= Elizabeth Blanton =

American astronomer

Elizabeth Lyon Blanton (born 1970) is an American astronomer whose research combines observations of galaxy clusters on a broad range of spectra including radio astronomy, X-ray astronomy, infrared astronomy, and visible-light astronomy. She is an associate professor of astronomy at Boston University, where she directs the Institute for Astrophysical Research.

==Education and career==
Blanton graduated from Vassar College in 1993, with a bachelor's degree in astronomy. Her undergraduate thesis research on observation of a type II-P supernova, supervised by Frederick R. Chromey, won the undergraduate thesis award of the Astronomical Society of New York.
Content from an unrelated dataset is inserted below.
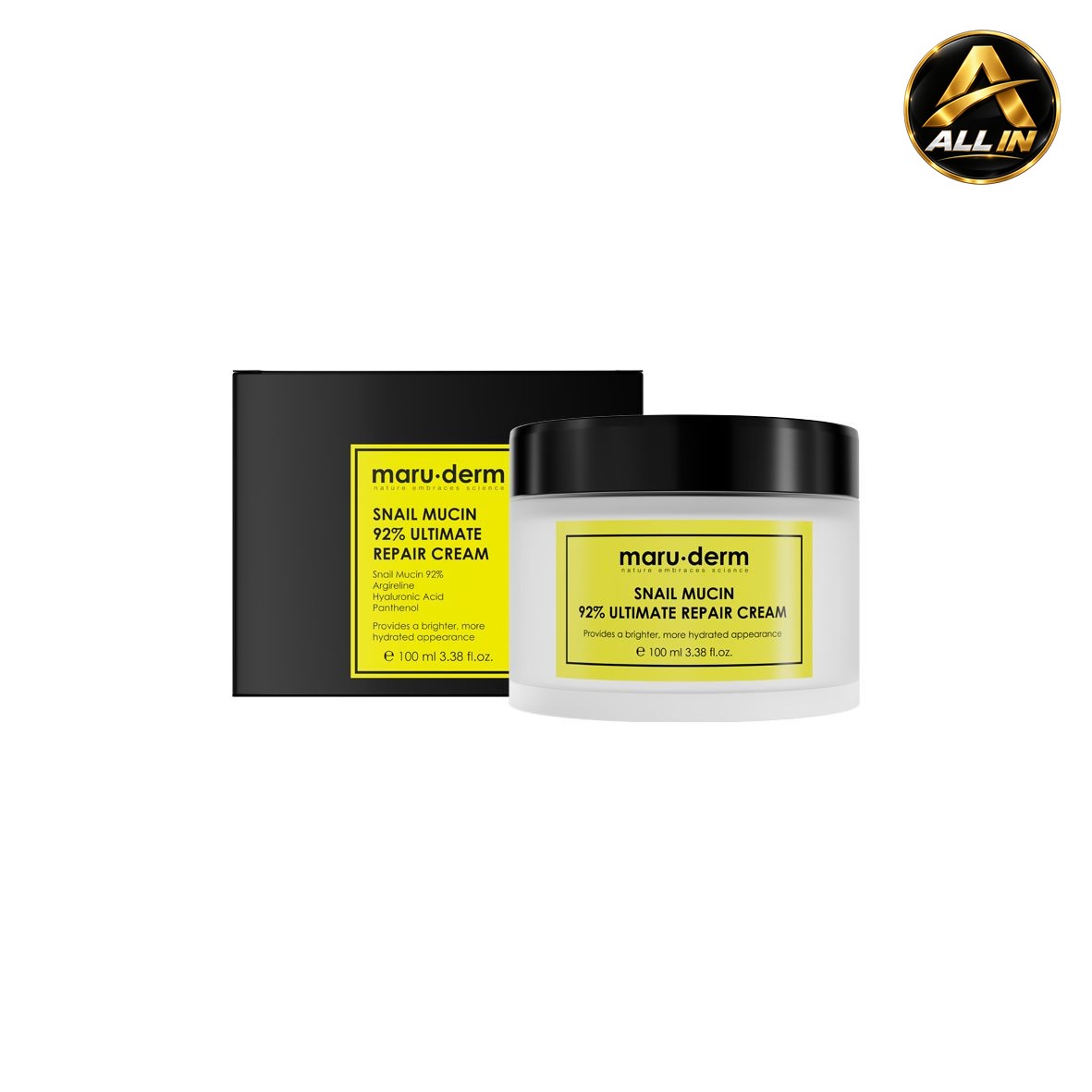 كريم الاصلاح بمستخلص الحلزون SNAIL MUCIN 92% ULTIMATE REPAIR CREAM، صورة 1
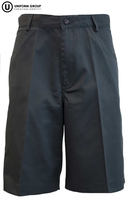 Shorts - Charcoal-all-Mount Aspiring College Uniform Shop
She went to Columbia University for graduate study in astronomy, earning a master's degree in 1996 and completing her Ph.D. in 2000. Her dissertation involved radio astronomy of galaxy clusters, and was supervised by David Helfand.

After postdoctoral research at the University of Virginia, she joined Boston University in 2004 as Clare Boothe Luce Assistant Professor of Astronomy, and was promoted to associate professor in 2013. She became director of the Institute for Astrophysical Research in 2015.

==Recognition==
Blanton was named a Legacy Fellow of the American Astronomical Society in 2020.